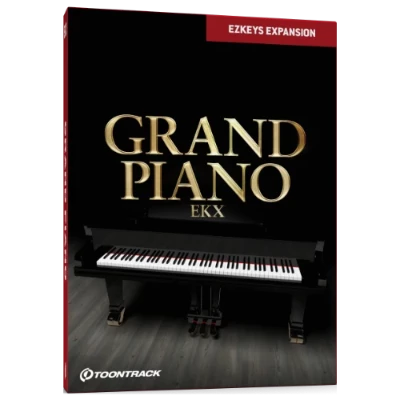 EKX GRAND PIANO – Sample Division Music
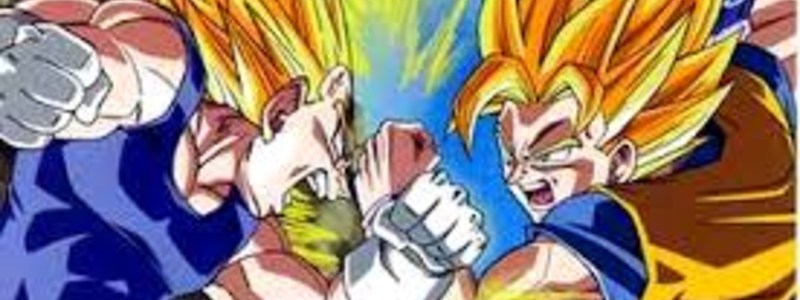 eres goku o vegeta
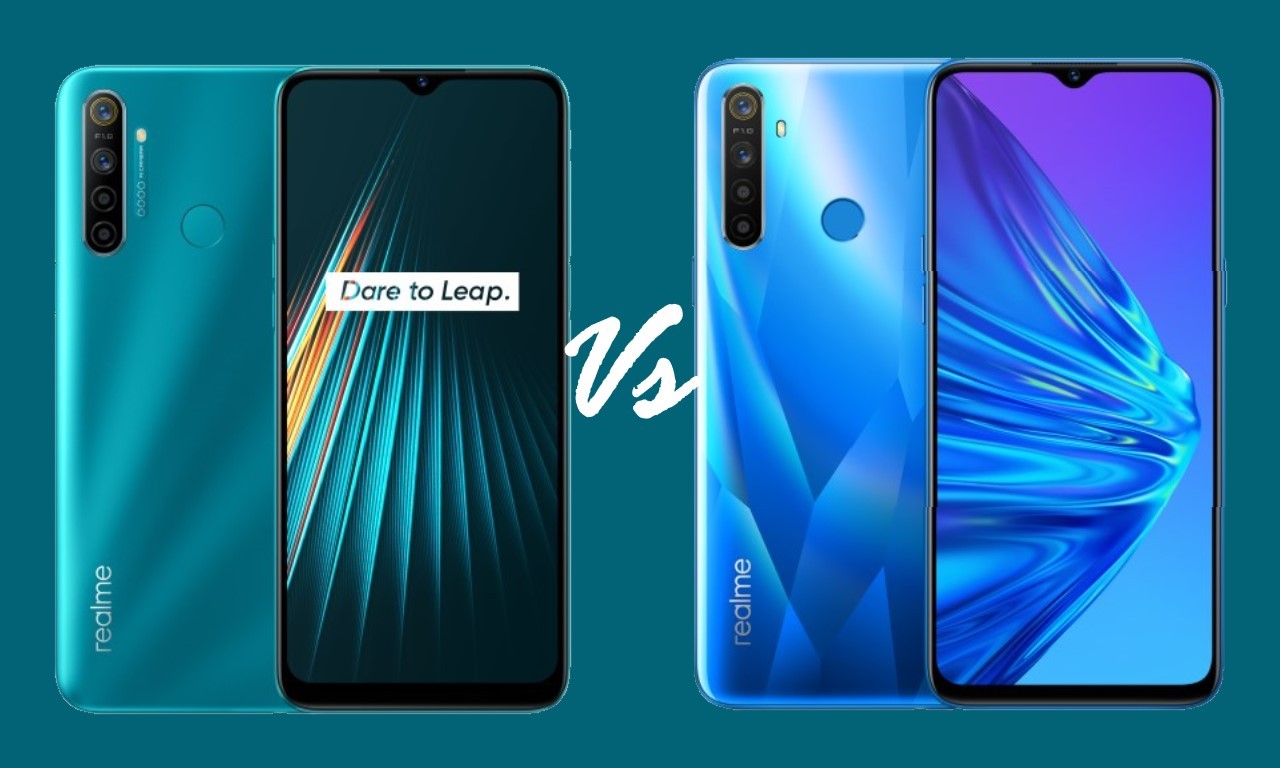 Perbedaan Realme 5 Dan 5i. Perbandingan realme 5i Vs realme 5 – Apa Perbedaan Keduanya?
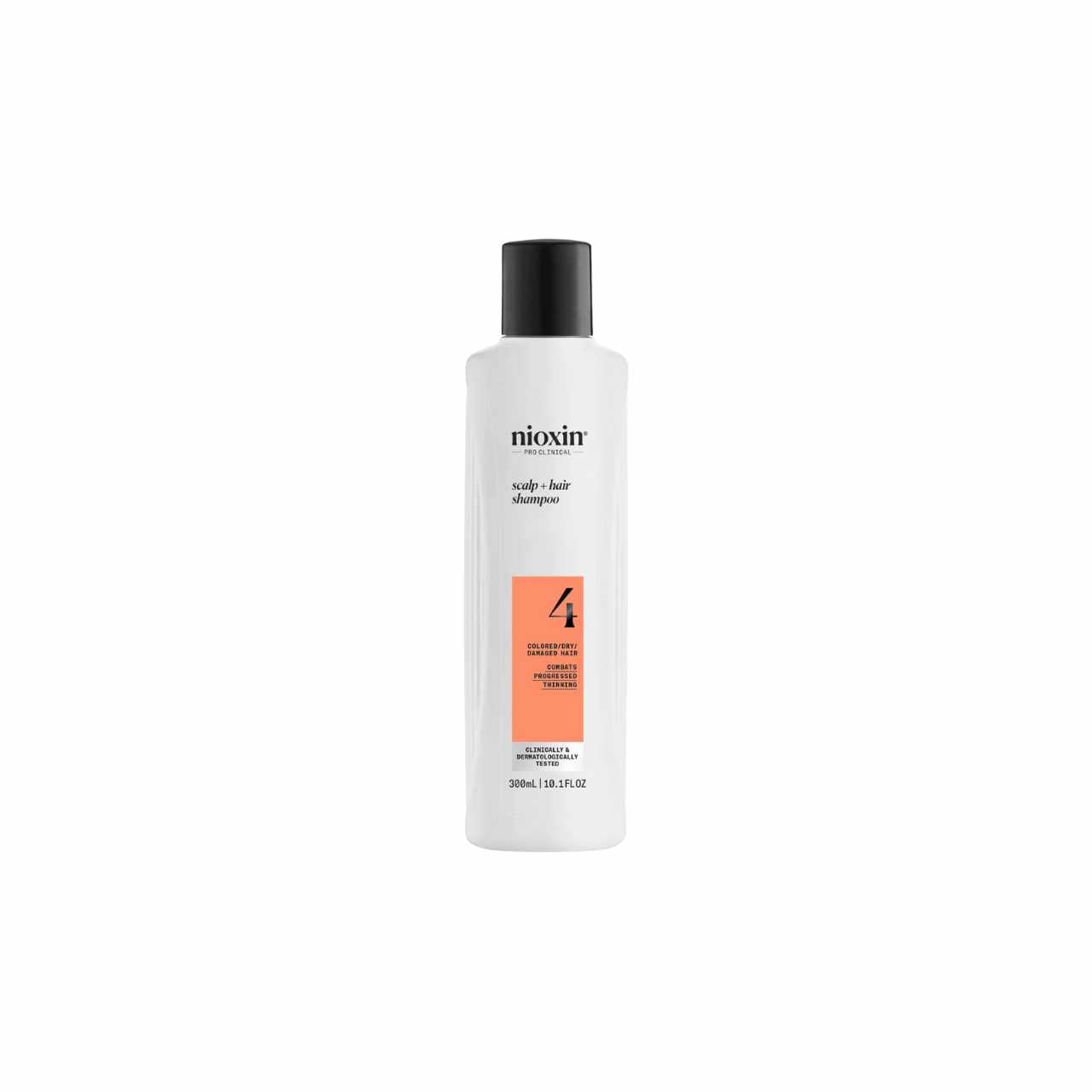 Nioxin System 4 Shampoo 300ml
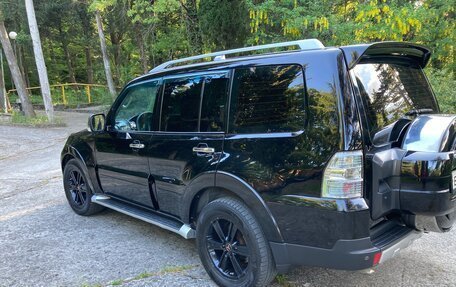 Mitsubishi Pajero IV, 2007 год, 1 800 000 рублей, 4 фотография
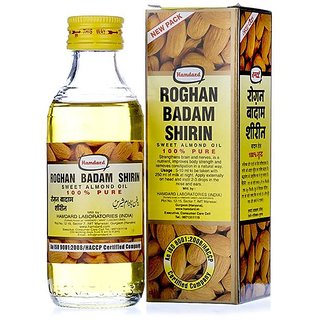 Roghan Badam Oil 100ml Roghan Badam Oil 100ml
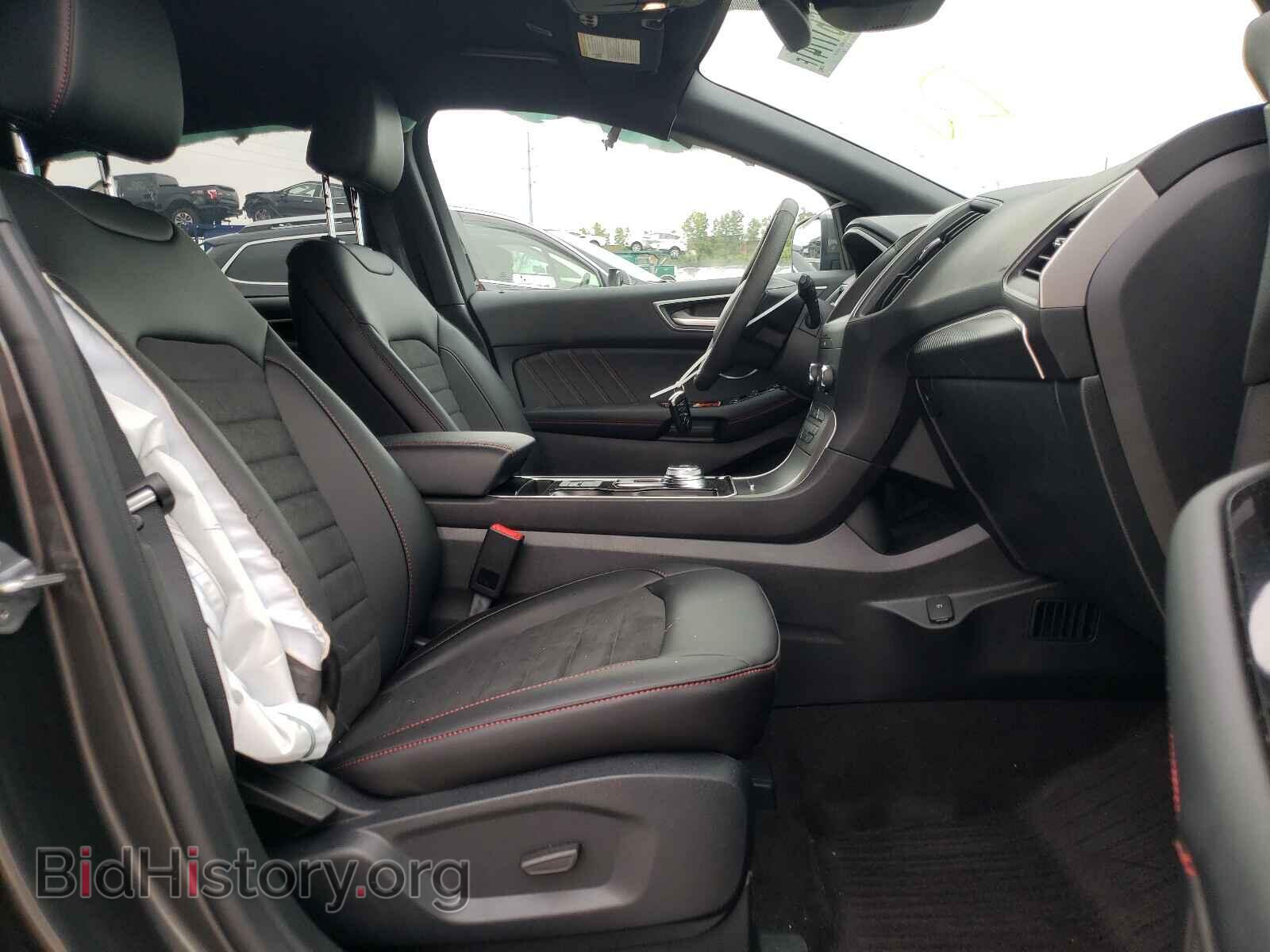 2020 FORD EDGE - VIN: 2FMPK3J91LBB45845 - Фото 5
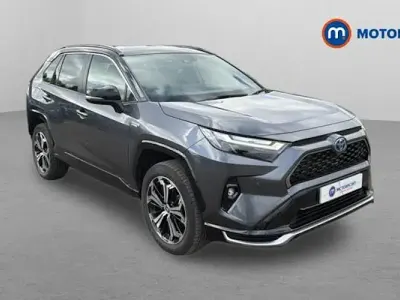 Used Toyota RAV4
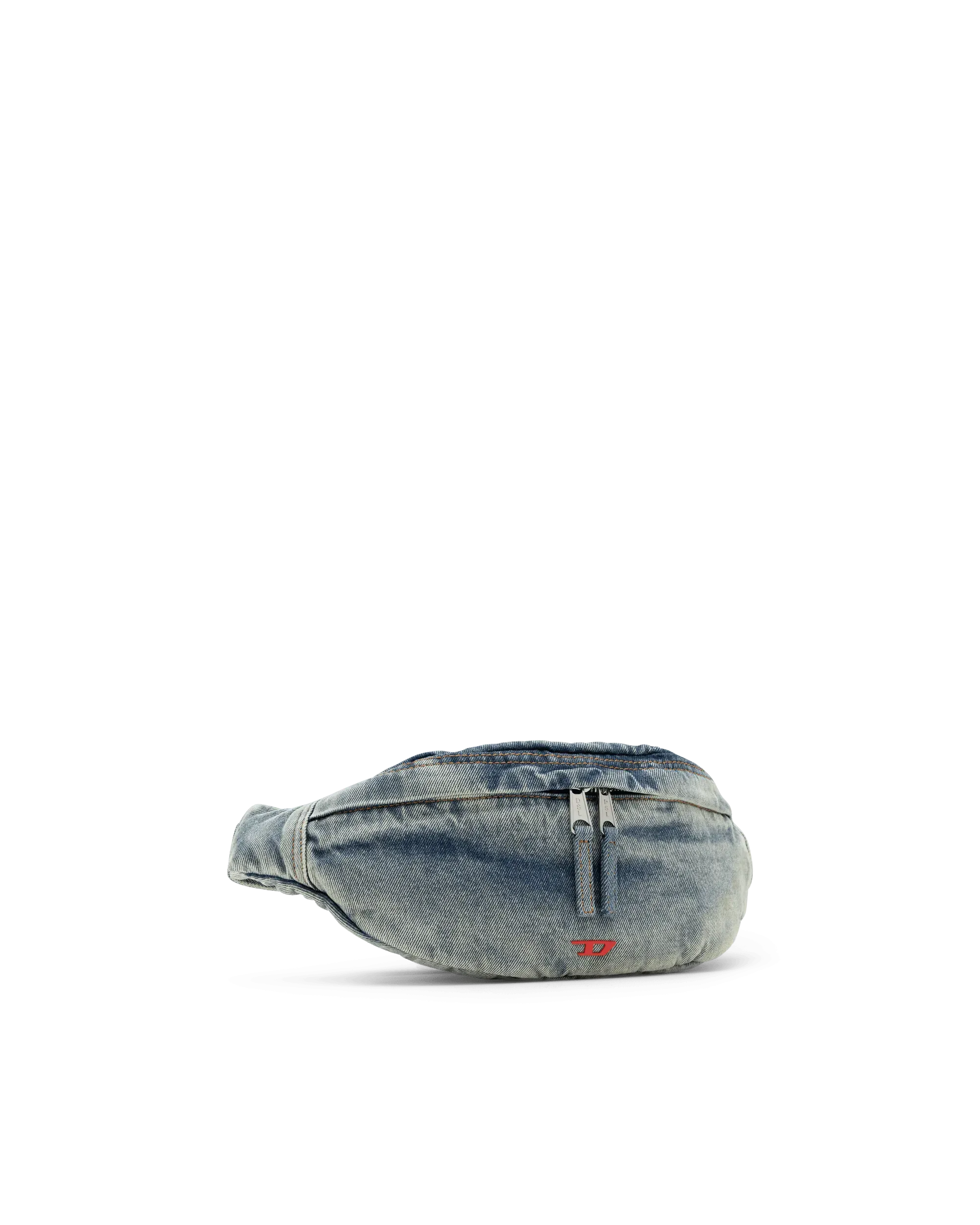 Rave Denim Belt Bag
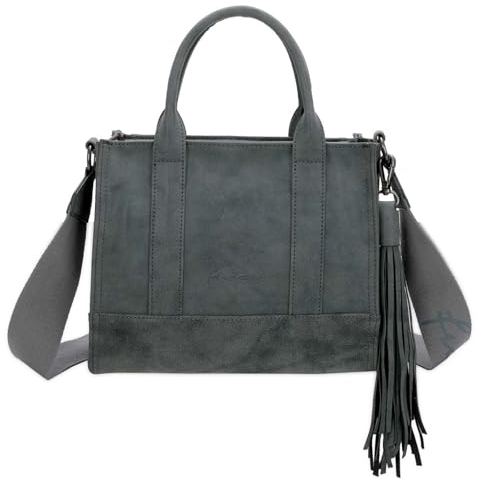 Fritzi aus Preussen Fritzi Square Vintage Crossbody Bag Soda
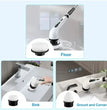 Electric Multi-Purpose Cleaning Brush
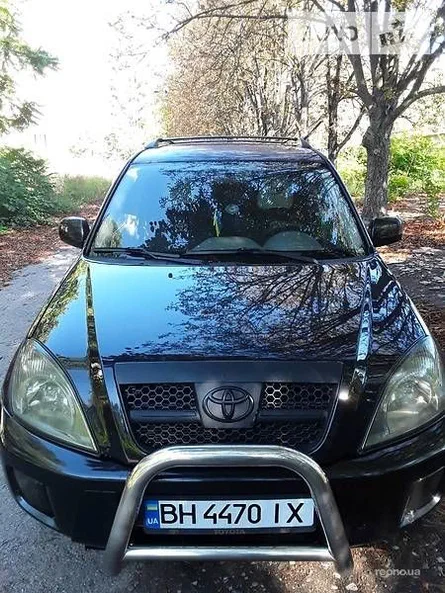 Chery Tiggo (T11) 2008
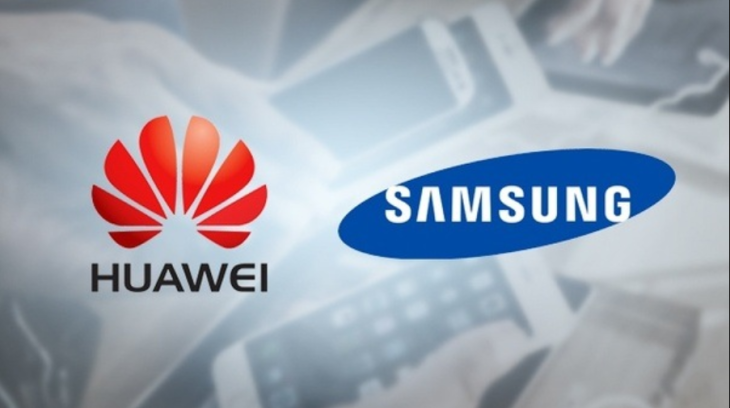 Huawei Vs Samsung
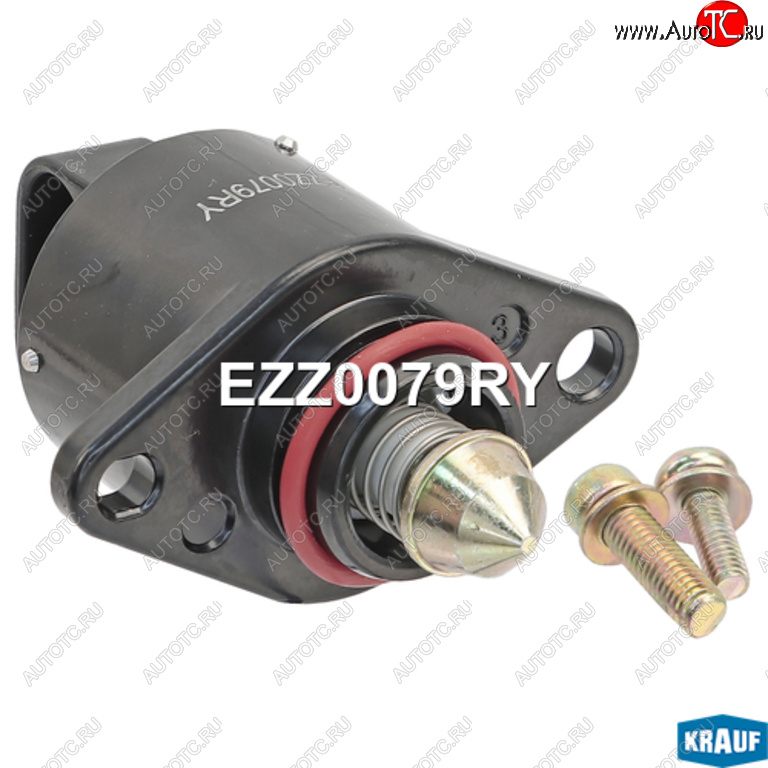 739 р. Регулятор холостого хода OPEL Astra G (98-09),Corsa A (83-92) KRAUF KRAUF ezz0079ry  с доставкой в г. Керчь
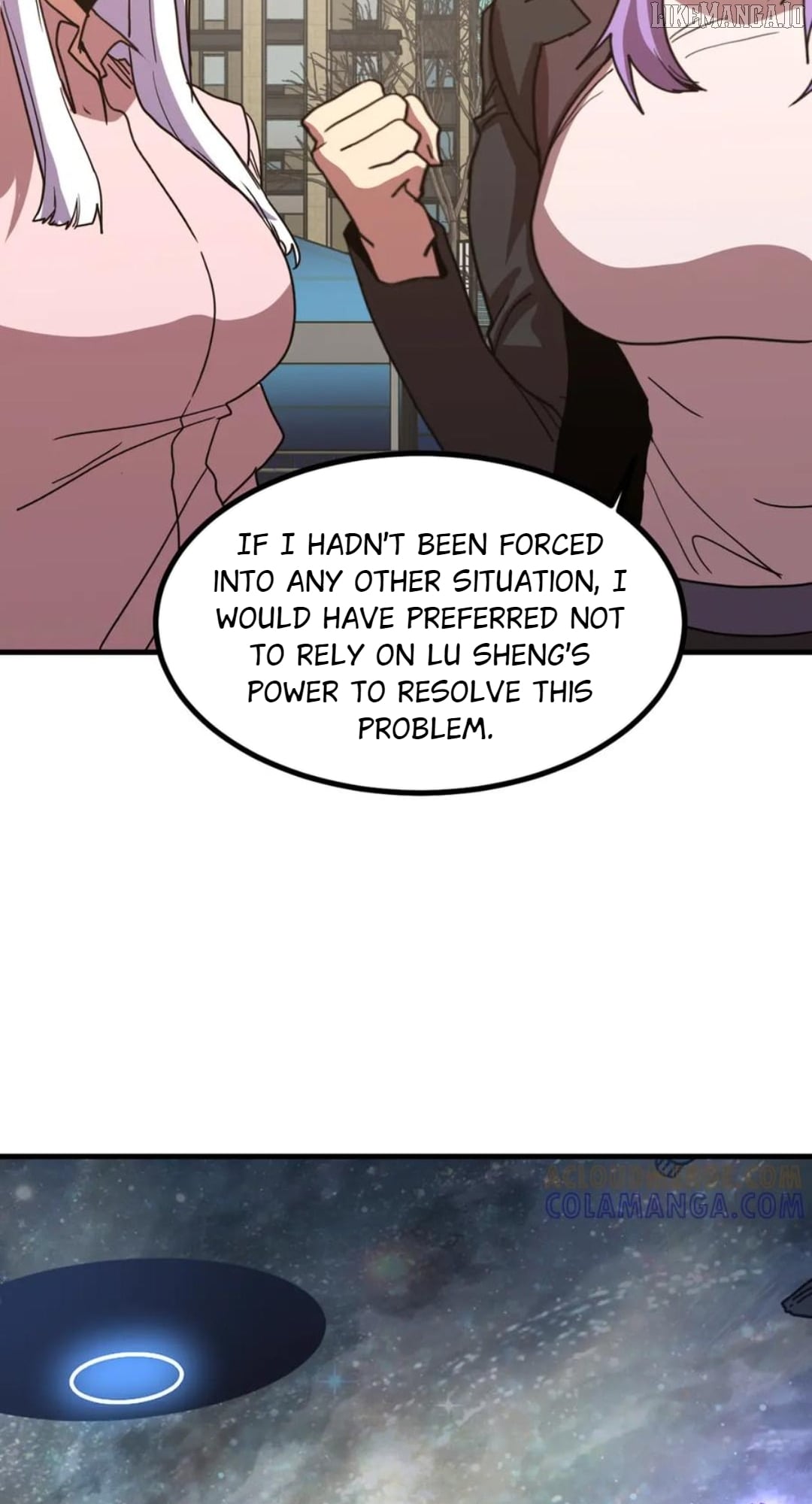 Read Log into the Future EN Manga Online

--------

Try it
Exactly as written above, retype the lines starting at the one holding "Used Toyota RAV4" and ending at the one holding "Huawei Vs Samsung", both included, but not the pictures.

Task result
 Used Toyota RAV4
 Rave Denim Belt Bag
 Fritzi aus Preussen Fritzi Square Vintage Crossbody Bag Soda
 Electric Multi-Purpose Cleaning Brush
 Chery Tiggo (T11) 2008
 Huawei Vs Samsung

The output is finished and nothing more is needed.